A Better Way to Measure Users’ Content Engagement

A pretty common need for content-driven websites is to know how well their long-form text content engages visitors. Content is the lifeblood of their value proposition, and provides the pageviews and return visits that justify investments from advertisers. This got me thinking about ways to use Google Analytics to measure this in a more accurate way than currently exists.

Right now, content marketers are stuck with the rather crude “time on page”, “time on site”, and “pages per session” metrics. Time on page or time on site, for example, measure visitors on the site, but measure them whether or not they have actual content on screen. Pages per session can include pages that have nothing to do with content, such as “About Us” or “Contact” pages. There has to be a better, more precise, and more useful way to crack this puzzle.

I would propose a better way: we could measure how long the “container” for our main piece of content is visible to the visitor and has been on screen. We can measure this by page or by session, just as we do with time on page and time on site, but the main difference is that we are only measuring what is relevant to provide us feedback as to how engaging content is or how long our audience takes to read it.

What would we need in order to do this? We would need to add a CSS “id” tag to the HTML container that our content will be displayed in. We would also need to ensure that tag only appears when the content inside the container is the actual blog post.

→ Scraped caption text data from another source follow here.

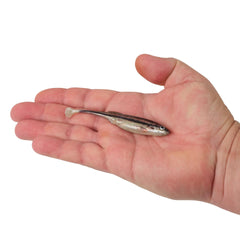 PowerBait Drip Swimmer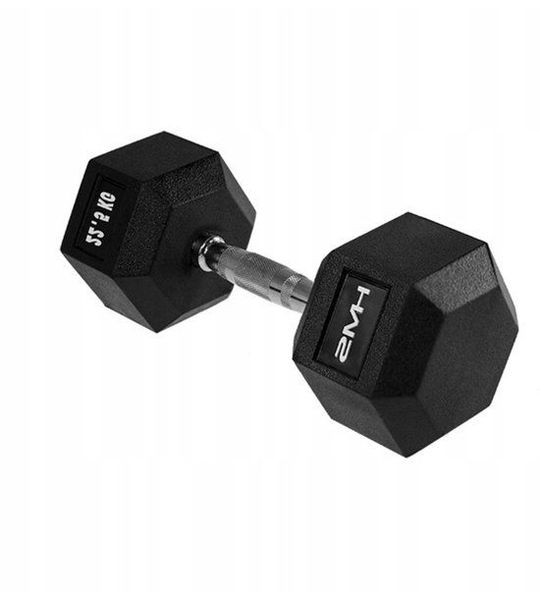 HMS Hex Pro Halter 22,5 kg - Gecoat Staal voor Krachttraining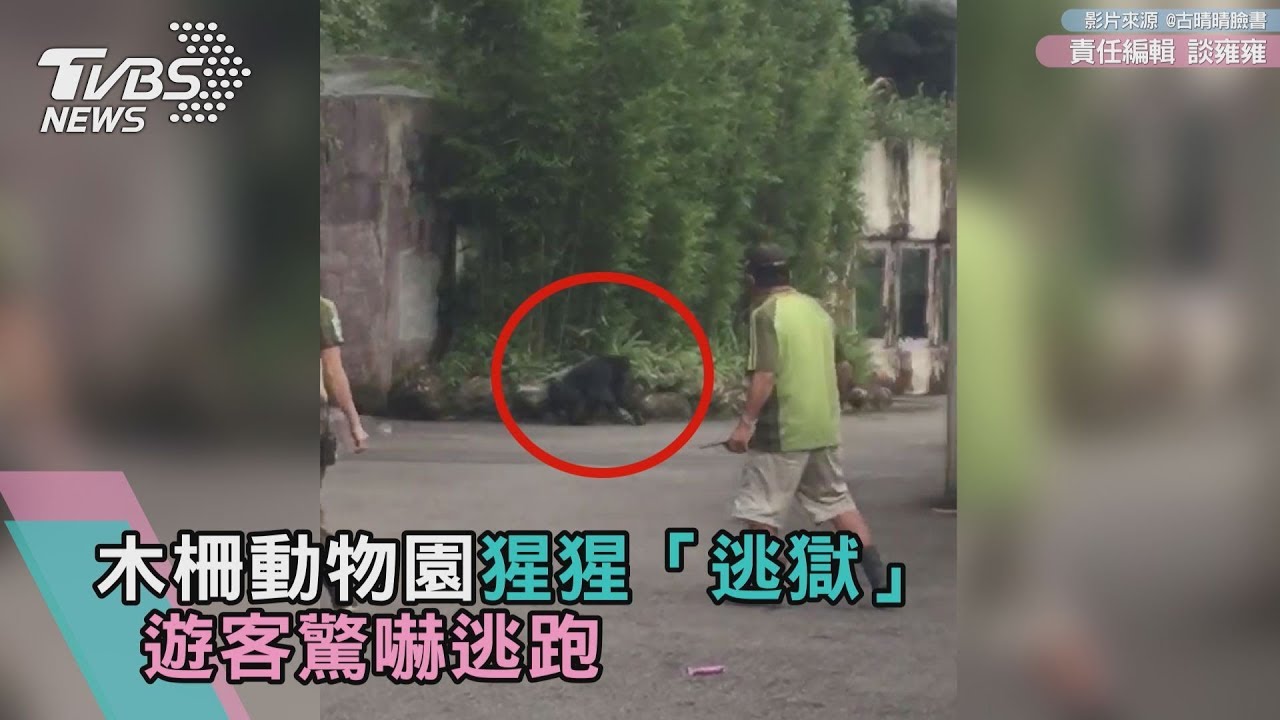 影/衝向人群!木柵動物園猩猩「逃獄」 遊客驚嚇逃跑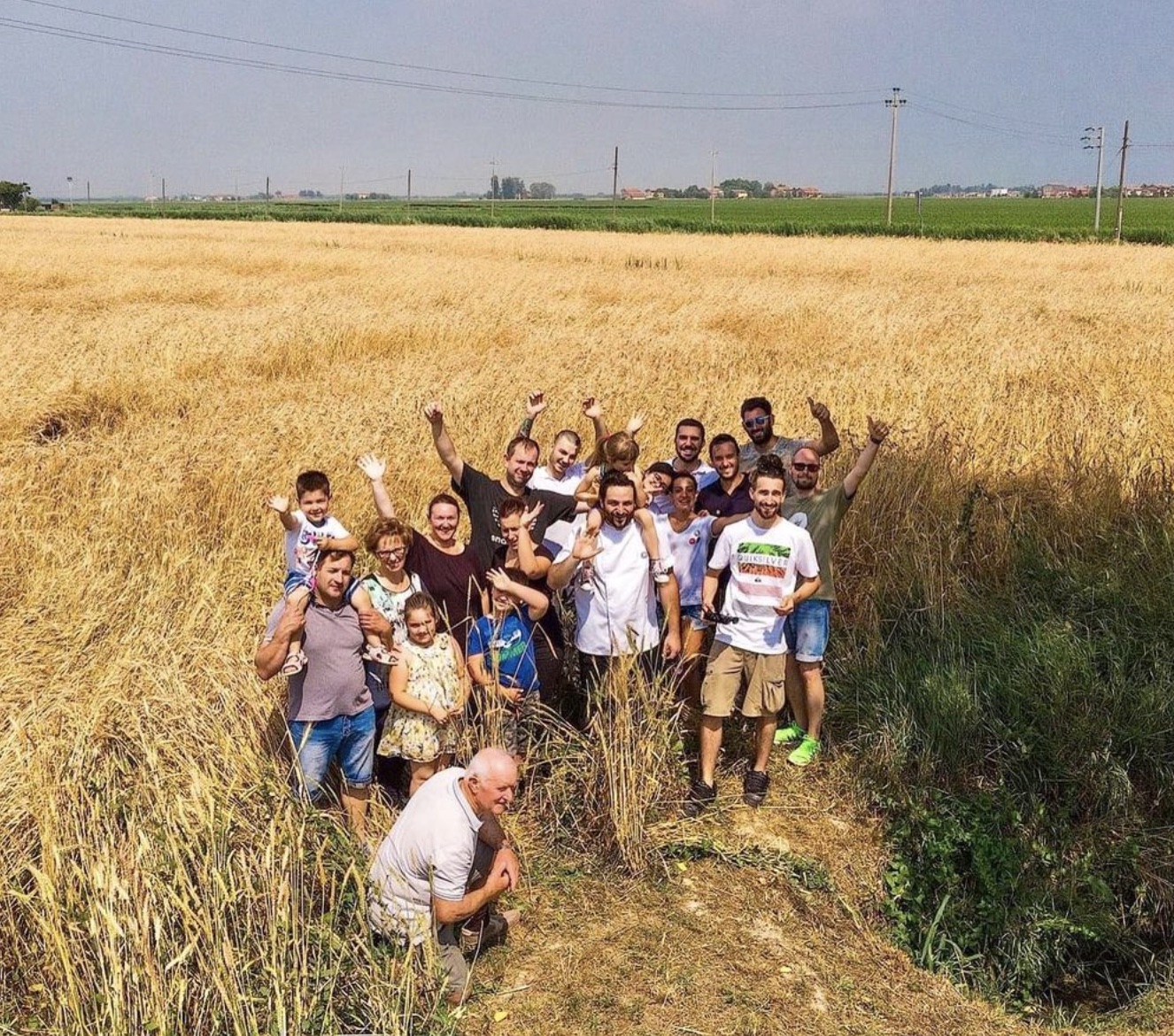 raccolta grano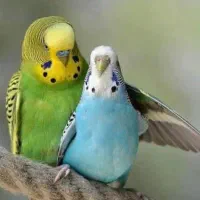 مرغ عشق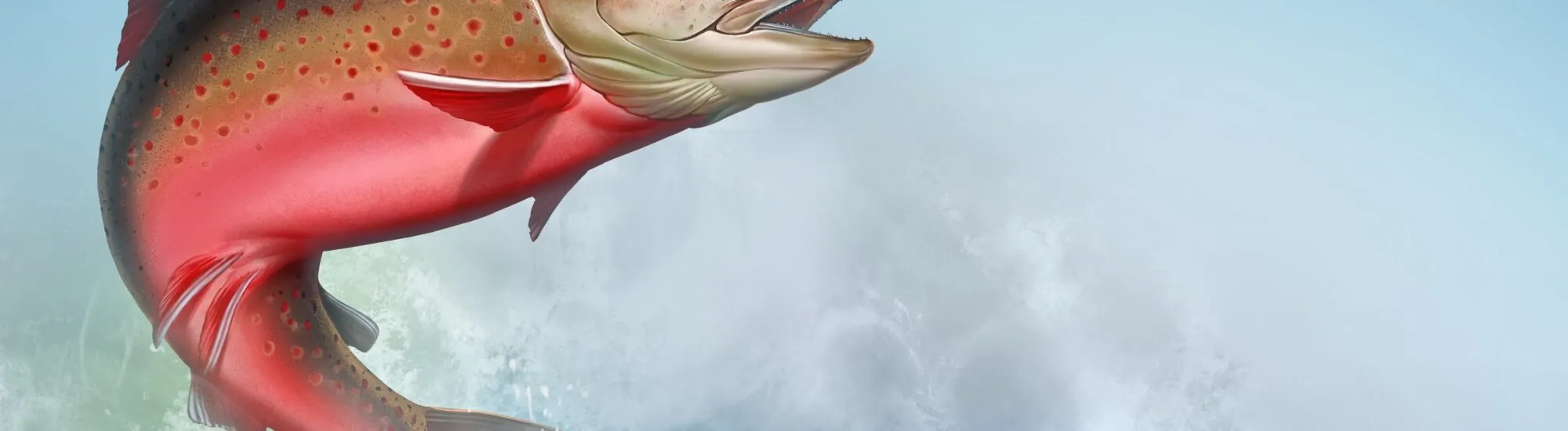 El salmón del conocimiento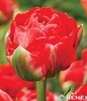 Showbox Tulip - Tulipan Pełny "1" 12/+  250 Szt.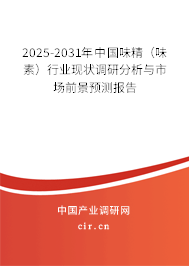 2025-2031年中國味精（味素）行業(yè)現(xiàn)狀調(diào)研分析與市場前景預(yù)測報告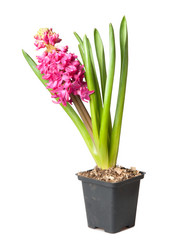 Similar image 1890422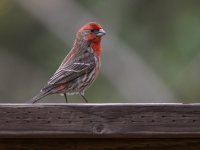 Finch4.jpg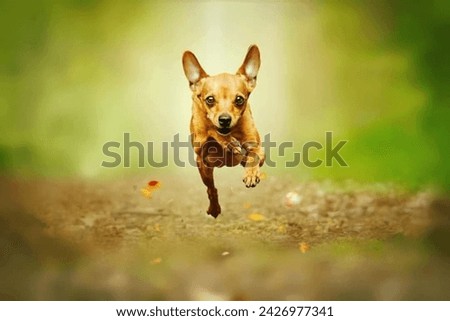 Portrait of a cute Miniature Pinscher dog running in the forest. Royalty-Free Stock Photo #2426977341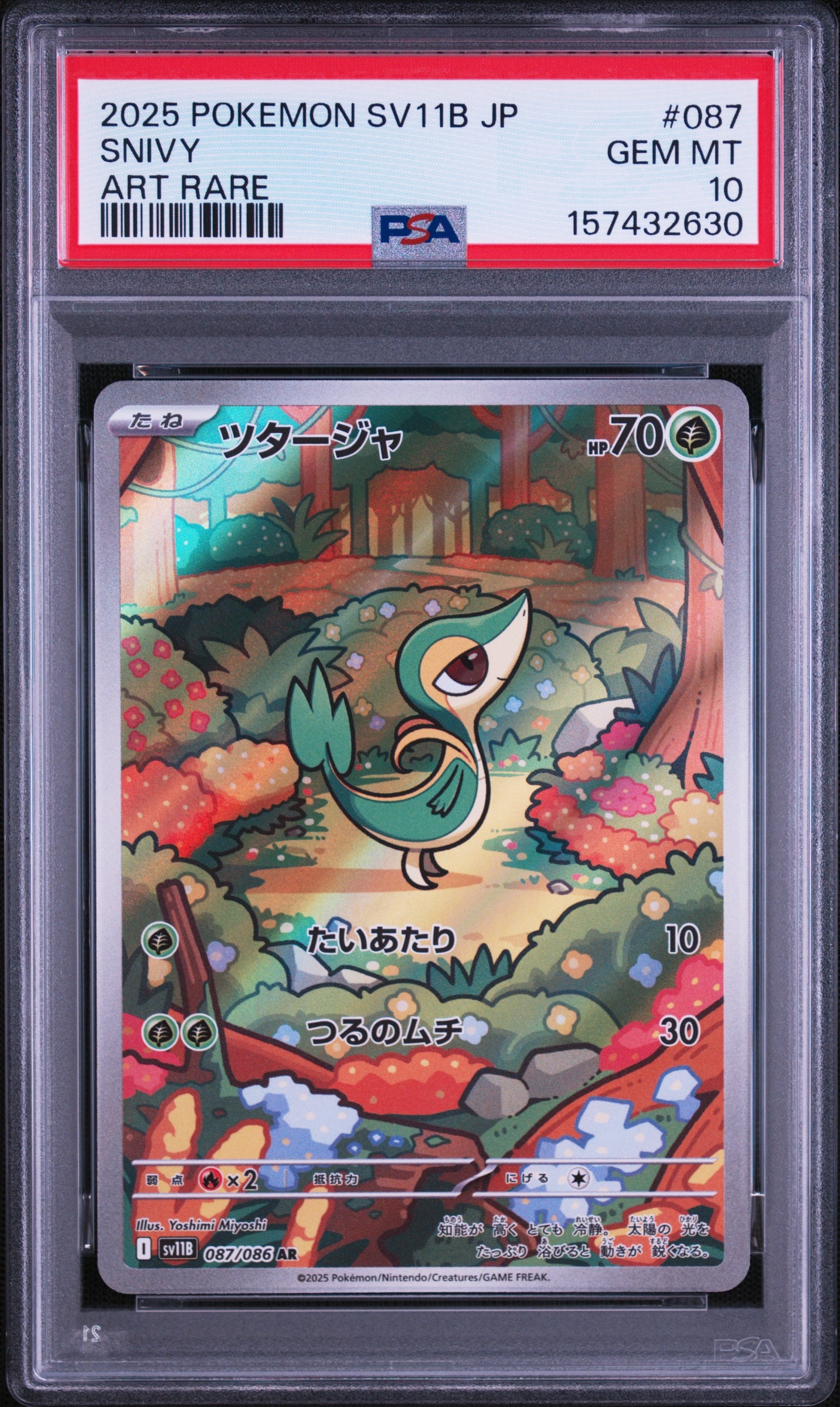 ヨコハマのピカチュウ: プロモ[SM-P 283](プロモーションカード「SM-P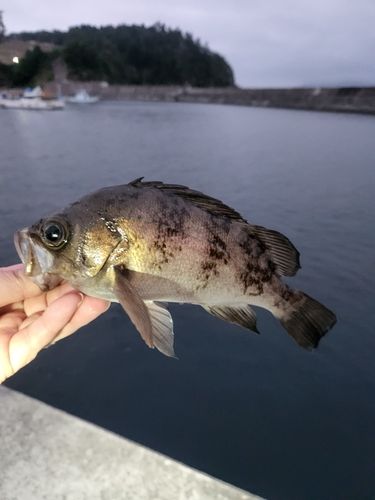 シロメバルの釣果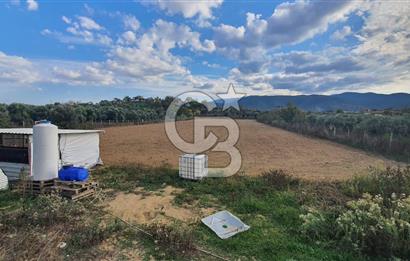 Aydın Çine Saraçlar'da Emsalsiz Konum Kurulu Düzen Ticari Yatırım Fırsatı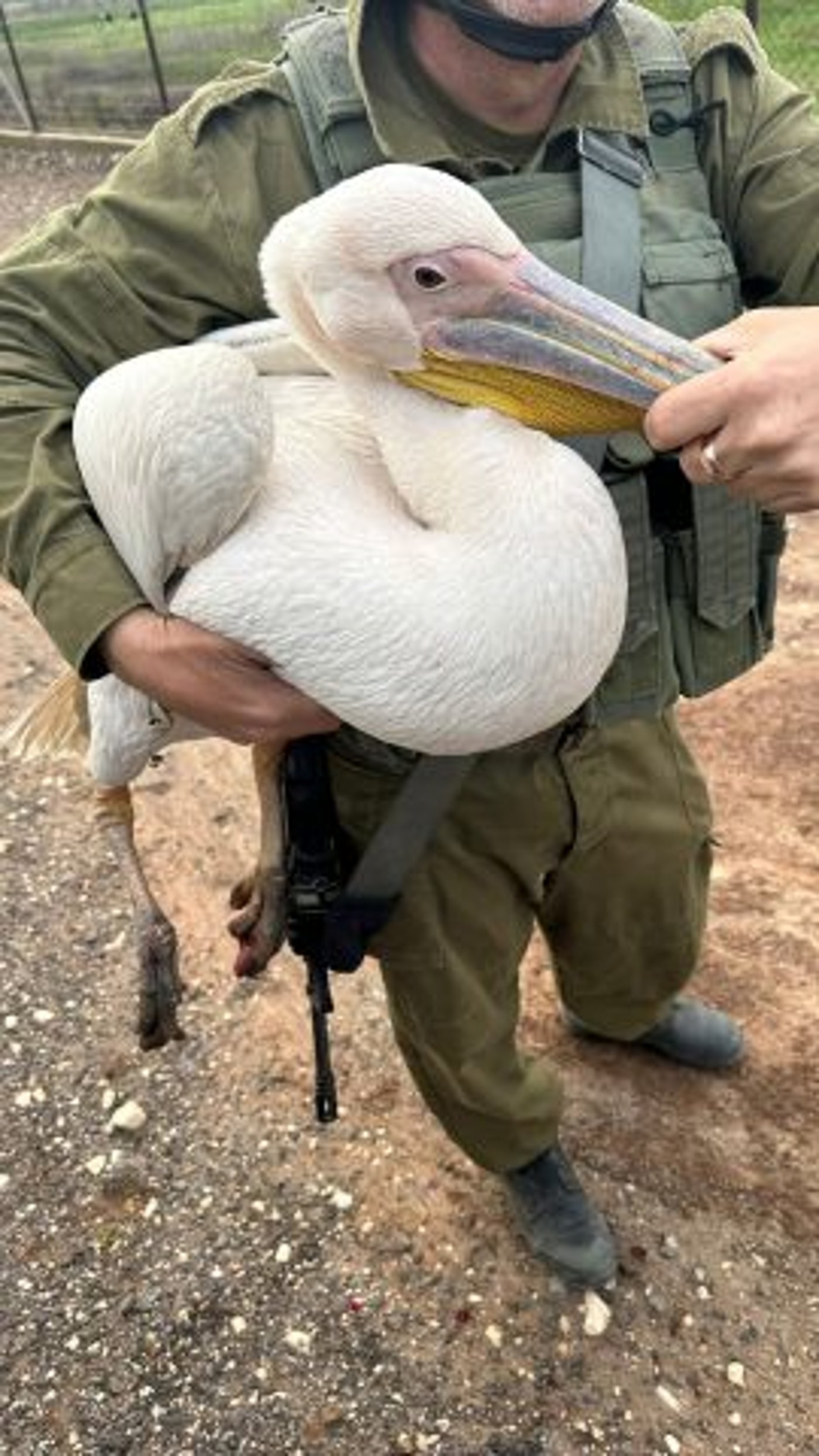 חיילי מילואים מצילים שקנאי בגדר המערכת. (צילום – גלעד)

The next step would be to come up with a mechanism that does the following for us:

  1. Watches for the presence of the container on screen (inside the browser viewport).
  2. Records the time the container was first visible on screen.
  3. Records the time at which the container stopped being visible on screen or the time at which the visitor navigated away from the page or the website.
  4. Subtracts the time the container was first visible from the time the container was last visible in order to get the amount of time the container was on screen.
  5. Sends the data to Google Analytics as an Event when the page changes so we can get data for a per-page “time on content”. We’ll need to be able to briefly intercept the user’s navigation, make the calculation, fire off our Google Analytics data, and then let the visitor continue onto their original destination. It’s possible, and it’s been done before to implement “outbound link” tracking on other websites.
  6. Sets a visit-level cookie to add the amount of time content was visible to a running total so we can get the per-session “time on content”. Divide this by the number of pages
  7. Sends the data to Google Analytics as an Event when the page changes so we can get data for a per-session “average time on content”. Again, we’ll need to intercept the user’s navigation to calculate and send the data to Google Analytics.

It would also be important to set a maximum amount of time in case a user leaves the page open in the background. Consider getting someone else who is less used to reading content on the Internet to read a selection of articles of varying length on your website while timing themselves. The amount of time it takes that person to read each of the articles can be averaged out to provide you with a benchmark for how long the average user might take to read the article. Add a few seconds to that average, and then use the resulting number as your “time-out”.

So there you have it: an idea for more effectively defining and measuring visitor engagement with text-based content like blogs, articles, or essays, on a website whose central value proposition is based on that content.

The more we know about how visitors are using content, and the more accurate that knowledge is, the better we can find out what sort of content works best for our target audience and adjust our strategy and posting schedules accordingly. Content may be king, but data is its queen.